"Now I say that with cruelty and oppression it is everybody's business to interfere when they see it."

~Anna Sewell

Wednesday, November 17, 2010

He's a skewbald frame overo, DUH!

Why does everyone need to know the exact, "official" color and/or breed of their horse? I just find it confusing. I never understood all the different pinto patterns, besides tobiano and overo. A spotted horse is a spotted horse. A brown horse is a brown horse. A white horse is a white horse. I don't always pay attention to all the genetic or "technical" terms for color. You don't have to use all the correct jargon to be a good horseman.

For instance, I would probably call these horses white:

Even though I'm well aware that they are cremello and grey. It 's just out of habbit.

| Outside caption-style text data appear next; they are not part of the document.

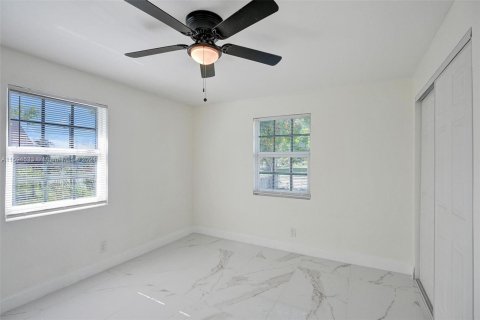 Propiedad comercial en venta en West Palm Beach, Florida, 208.84 m2 № 1187157 - foto 25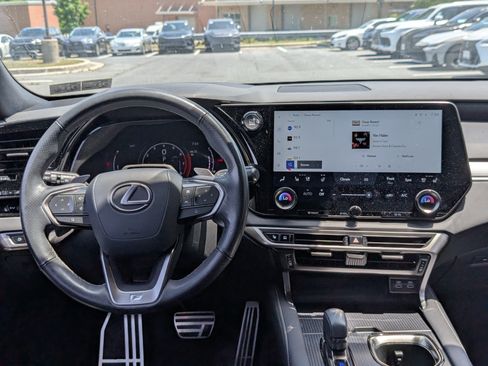 Used 2023 Lexus RX 350 F Sport w/ Accessory Package AWD/4WD image 18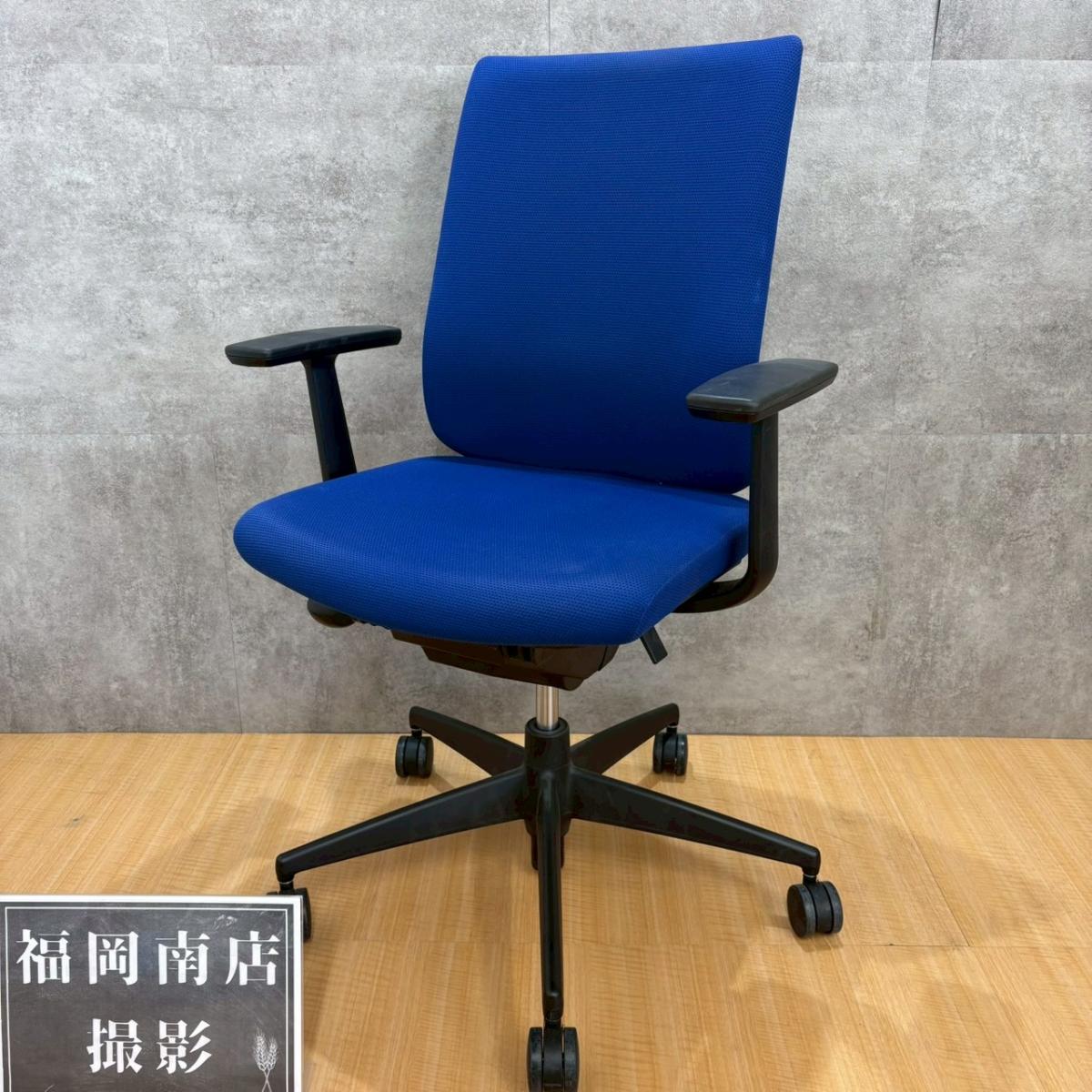 コクヨ製のオフィスチェア(事務椅子)【ウィザードチェア/ブルー】が入荷しました！　＊良品を格安で！「オフィスバスターズ福岡南店」は、福岡を拠点として、全国へ中古オフィス用品・オフィス家具を提供しております。
                        その他シリーズ
                                    中古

And I might call this horse brown, or just bay. Not "mahogany bay" or "blood bay" or any other goofy term that people come up with to make a very common color sound exotic.

I'm not ashamed to say that my horses are plain 'ole bay and plain 'ole chestnut. Nothing rare or spectacular about their colors at all. And when I'm talking to children or non-horse people, I use terms like, "that brown and black horse" or "the pumpkin-colored horse". You get my point.

So when someone refers to a horse as "caramel", there's no need to puff up like a blowfish and say, "It's buckskin." You'll sound like a know-it-all. And that's not nice.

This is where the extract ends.